**Task goal:** Restate the data below word for word. Skip any images it contains.

**Provided information:**

>>

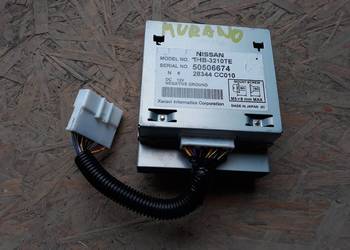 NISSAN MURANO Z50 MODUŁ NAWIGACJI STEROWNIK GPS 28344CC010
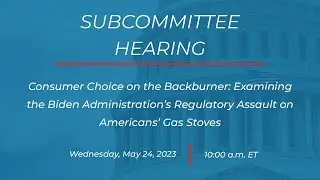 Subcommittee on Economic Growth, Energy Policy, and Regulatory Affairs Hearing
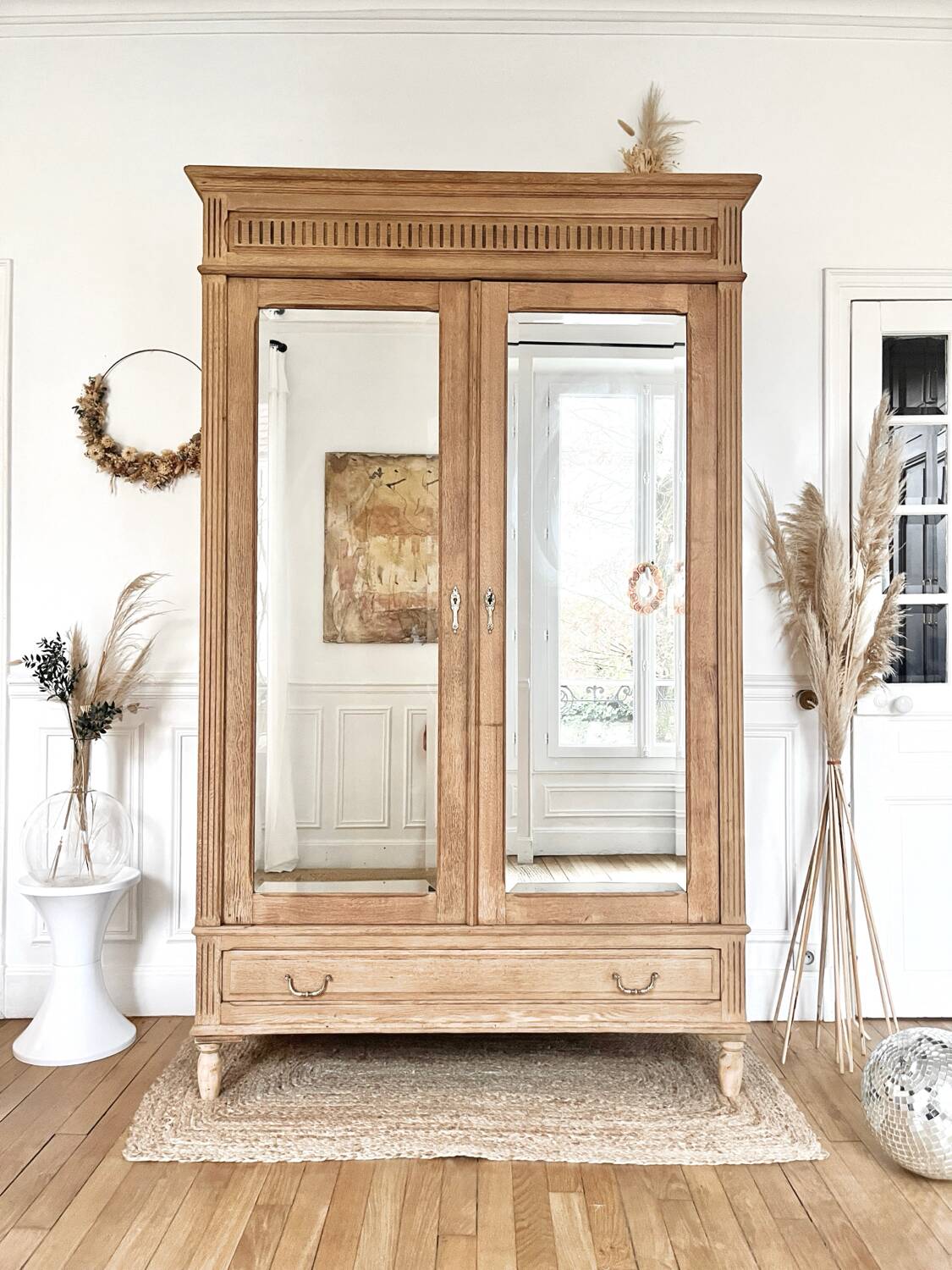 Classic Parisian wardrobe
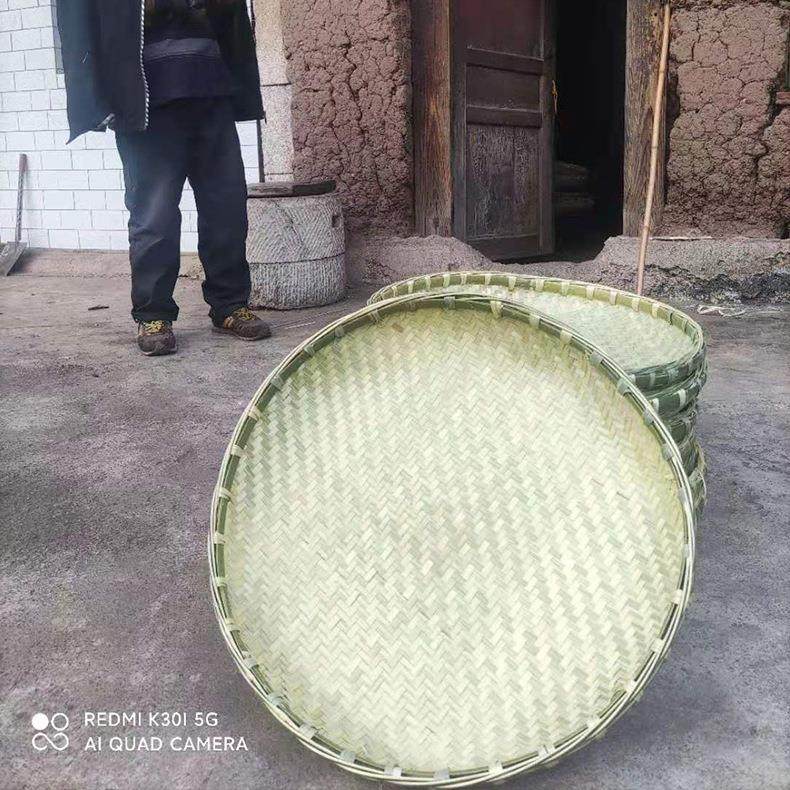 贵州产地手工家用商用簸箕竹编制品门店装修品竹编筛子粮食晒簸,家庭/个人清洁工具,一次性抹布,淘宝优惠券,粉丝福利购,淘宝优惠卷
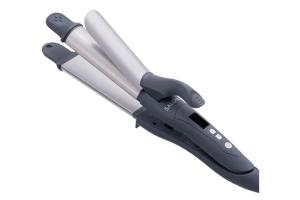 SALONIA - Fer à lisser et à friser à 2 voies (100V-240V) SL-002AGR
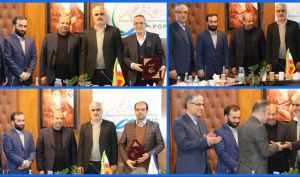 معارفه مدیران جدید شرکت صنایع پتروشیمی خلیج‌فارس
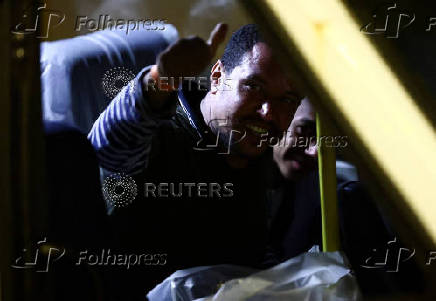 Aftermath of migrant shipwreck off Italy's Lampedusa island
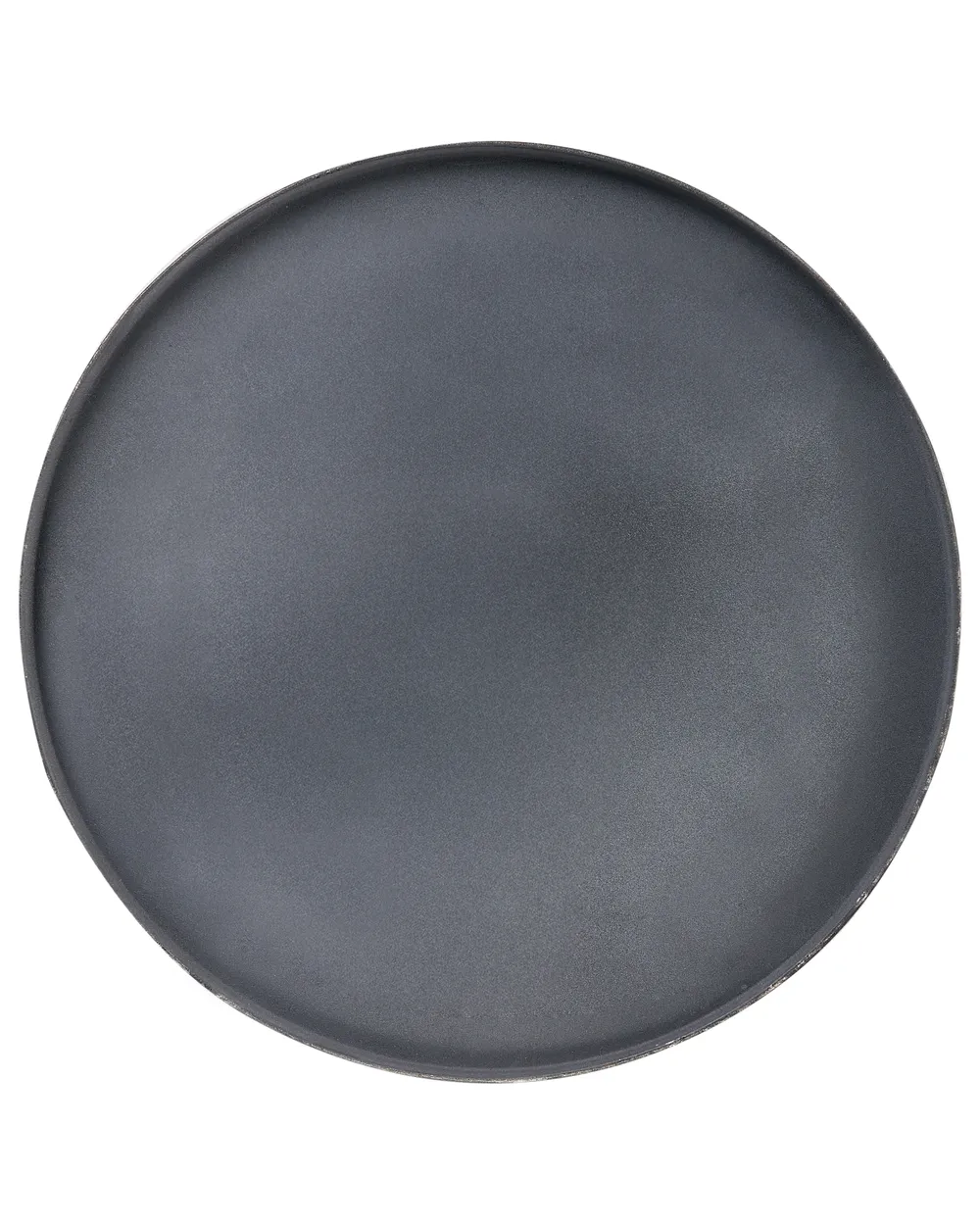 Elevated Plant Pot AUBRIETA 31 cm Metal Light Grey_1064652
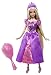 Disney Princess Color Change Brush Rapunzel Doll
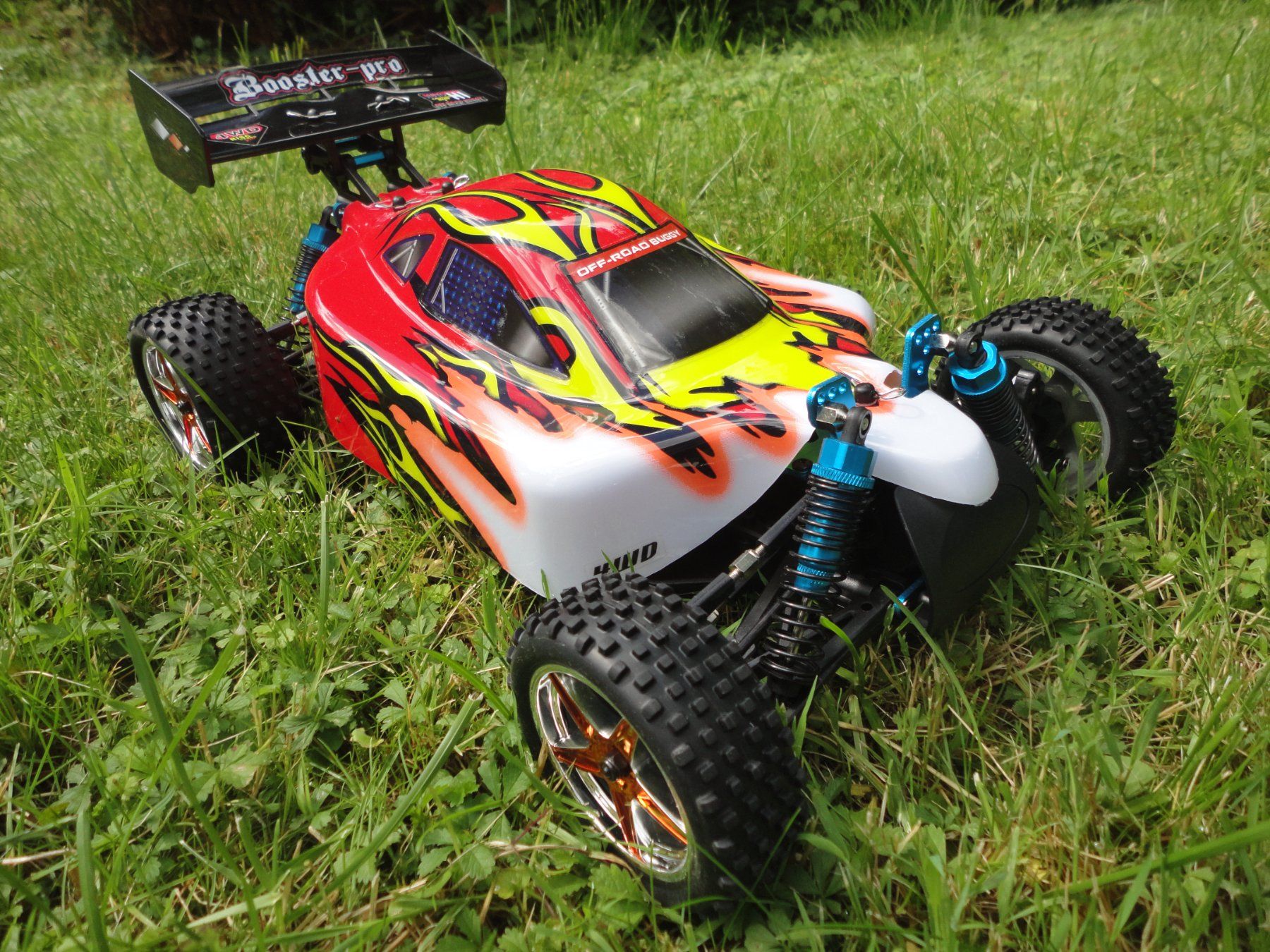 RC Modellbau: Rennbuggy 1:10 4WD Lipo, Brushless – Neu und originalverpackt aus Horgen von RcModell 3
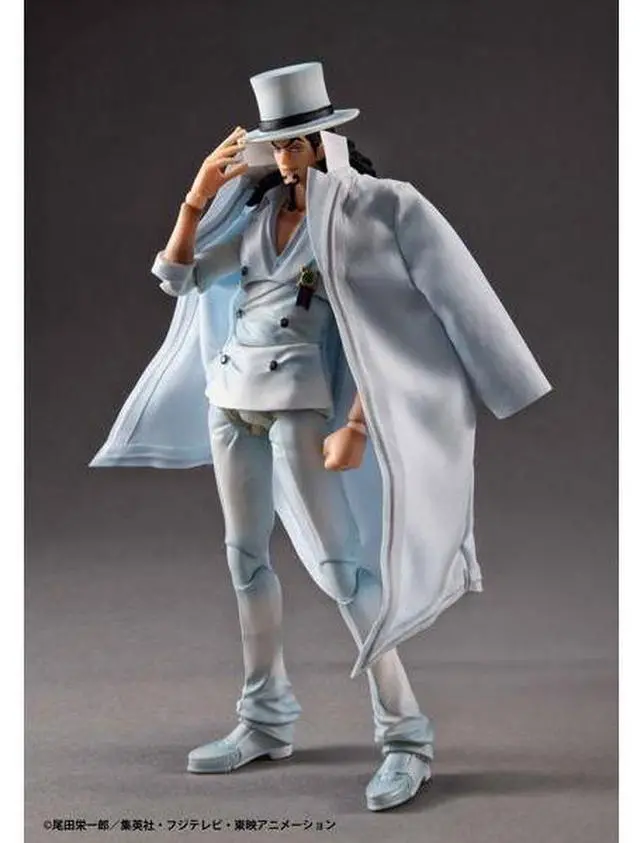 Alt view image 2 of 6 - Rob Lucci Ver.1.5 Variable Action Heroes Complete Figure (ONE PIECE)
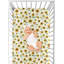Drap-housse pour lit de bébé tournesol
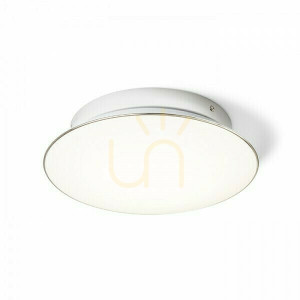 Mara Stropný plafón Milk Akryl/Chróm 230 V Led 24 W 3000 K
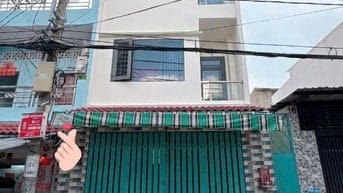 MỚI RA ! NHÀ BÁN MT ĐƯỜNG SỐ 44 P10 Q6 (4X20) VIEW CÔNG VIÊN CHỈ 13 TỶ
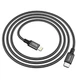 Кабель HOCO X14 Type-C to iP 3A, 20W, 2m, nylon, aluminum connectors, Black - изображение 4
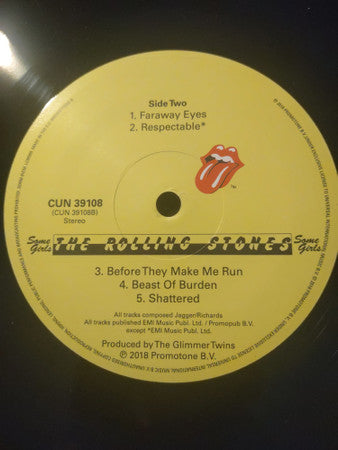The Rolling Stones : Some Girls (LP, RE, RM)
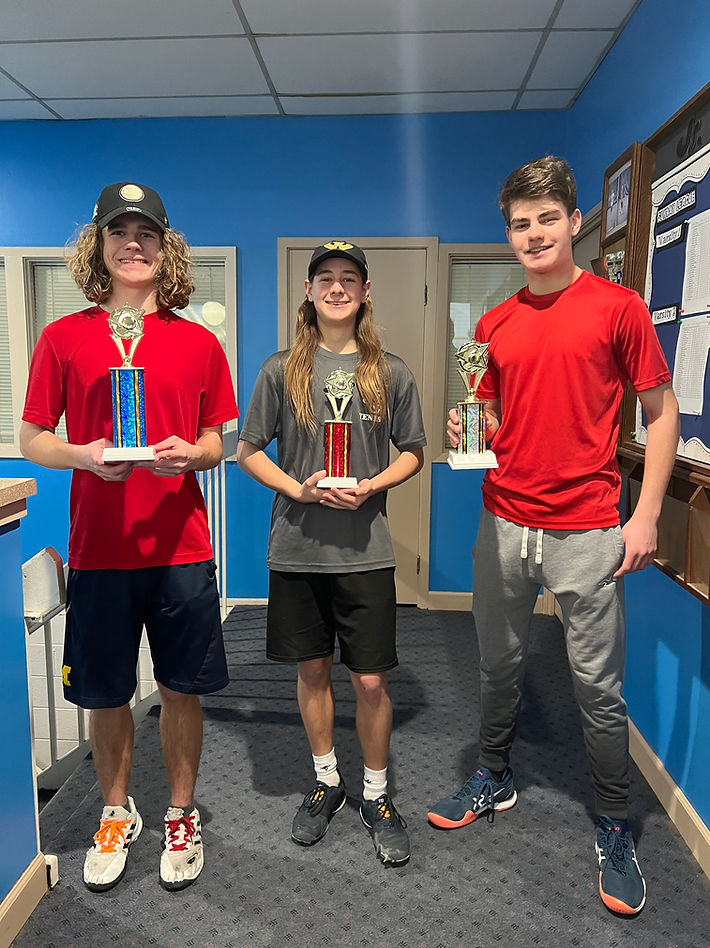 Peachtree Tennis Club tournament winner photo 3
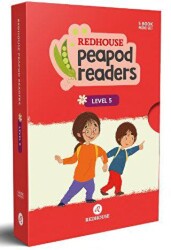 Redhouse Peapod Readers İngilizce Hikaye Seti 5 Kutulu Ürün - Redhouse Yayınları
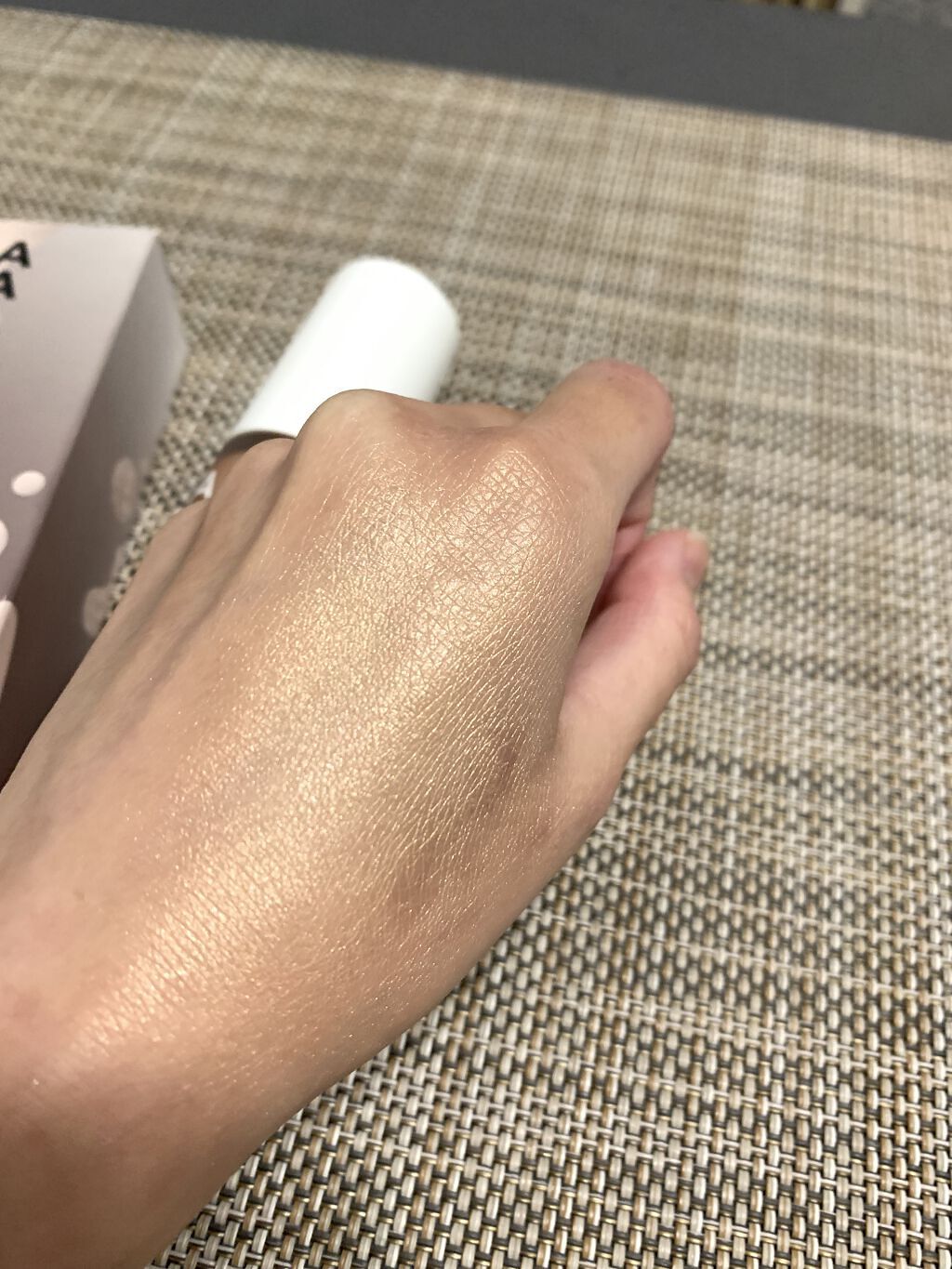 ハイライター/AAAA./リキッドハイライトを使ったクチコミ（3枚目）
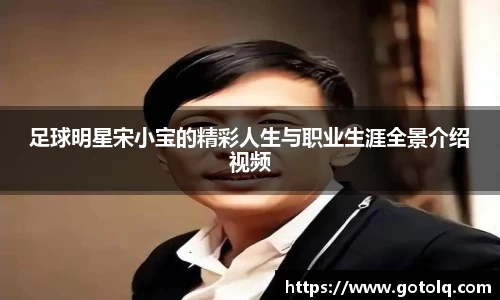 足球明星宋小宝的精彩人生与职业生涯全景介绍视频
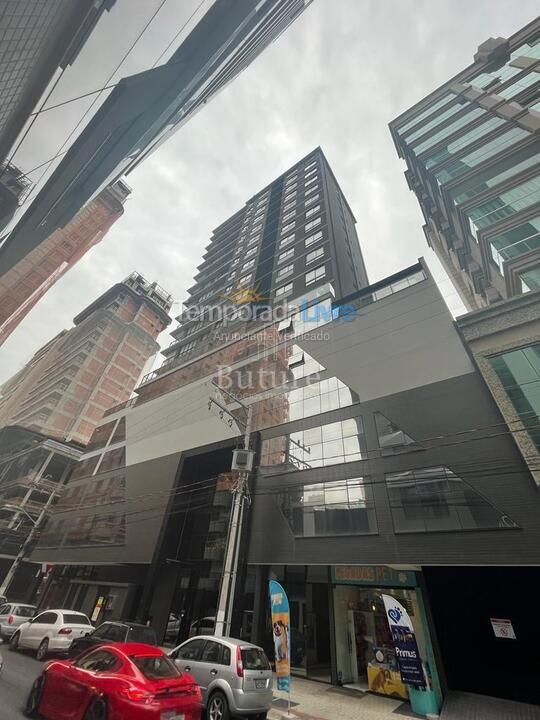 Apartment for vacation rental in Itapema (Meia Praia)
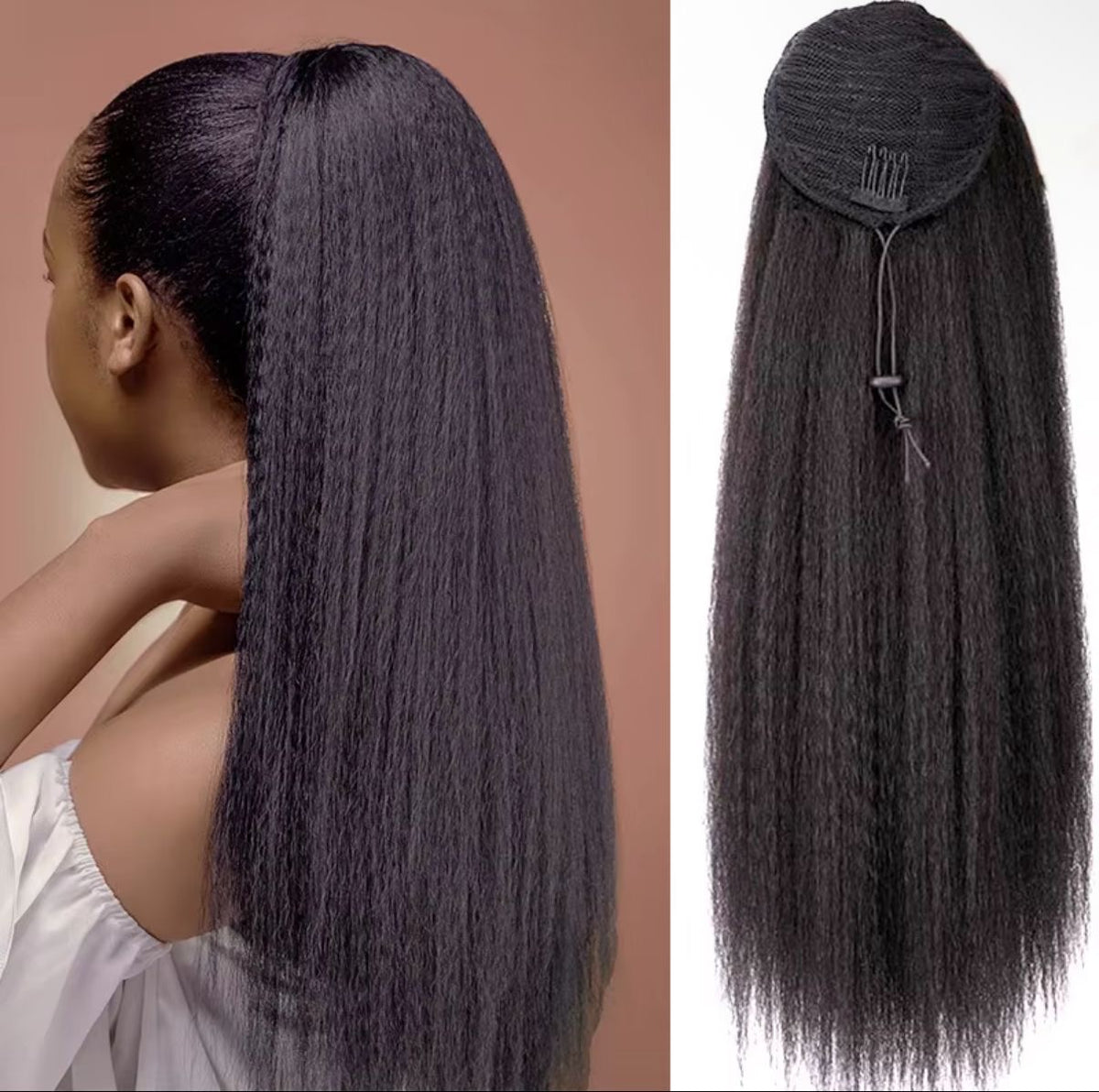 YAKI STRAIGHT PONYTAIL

<<

**Solution for this exercise:**
 NISSAN MURANO Z50 MODUŁ NAWIGACJI STEROWNIK GPS 28344CC010
 Subcommittee on Economic Growth, Energy Policy, and Regulatory Affairs Hearing
 Classic Parisian wardrobe
 贵州产地手工家用商用簸箕竹编制品门店装修品竹编筛子粮食晒簸,家庭/个人清洁工具,一次性抹布,淘宝优惠券,粉丝福利购,淘宝优惠卷
 SALONIA - Fer à lisser et à friser à 2 voies (100V-240V) SL-002AGR
 معارفه مدیران جدید شرکت صنایع پتروشیمی خلیج‌فارس
 Aftermath of migrant shipwreck off Italy's Lampedusa island
 Elevated Plant Pot AUBRIETA 31 cm Metal Light Grey_1064652
 Disney Princess Color Change Brush Rapunzel Doll
 RC Modellbau: Rennbuggy 1:10 4WD Lipo, Brushless – Neu und originalverpackt aus Horgen von RcModell 3
 Alt view image 2 of 6 - Rob Lucci Ver.1.5 Variable Action Heroes Complete Figure (ONE PIECE)
Drap-housse pour lit de bébé tournesol
 Mara Stropný plafón Milk Akryl/Chróm 230 V Led 24 W 3000 K
 MỚI RA ! NHÀ BÁN MT ĐƯỜNG SỐ 44 P10 Q6 (4X20) VIEW CÔNG VIÊN CHỈ 13 TỶ
 Кабель HOCO X14 Type-C to iP 3A, 20W, 2m, nylon, aluminum connectors, Black - изображение 4
The Rolling Stones : Some Girls (LP, RE, RM)
 Peachtree Tennis Club tournament winner photo 3
 Redhouse Peapod Readers İngilizce Hikaye Seti 5 Kutulu Ürün - Redhouse Yayınları
 ハイライター/AAAA./リキッドハイライトを使ったクチコミ（3枚目）
 足球明星宋小宝的精彩人生与职业生涯全景介绍视频
 Apartment for vacation rental in Itapema (Meia Praia)
 YAKI STRAIGHT PONYTAIL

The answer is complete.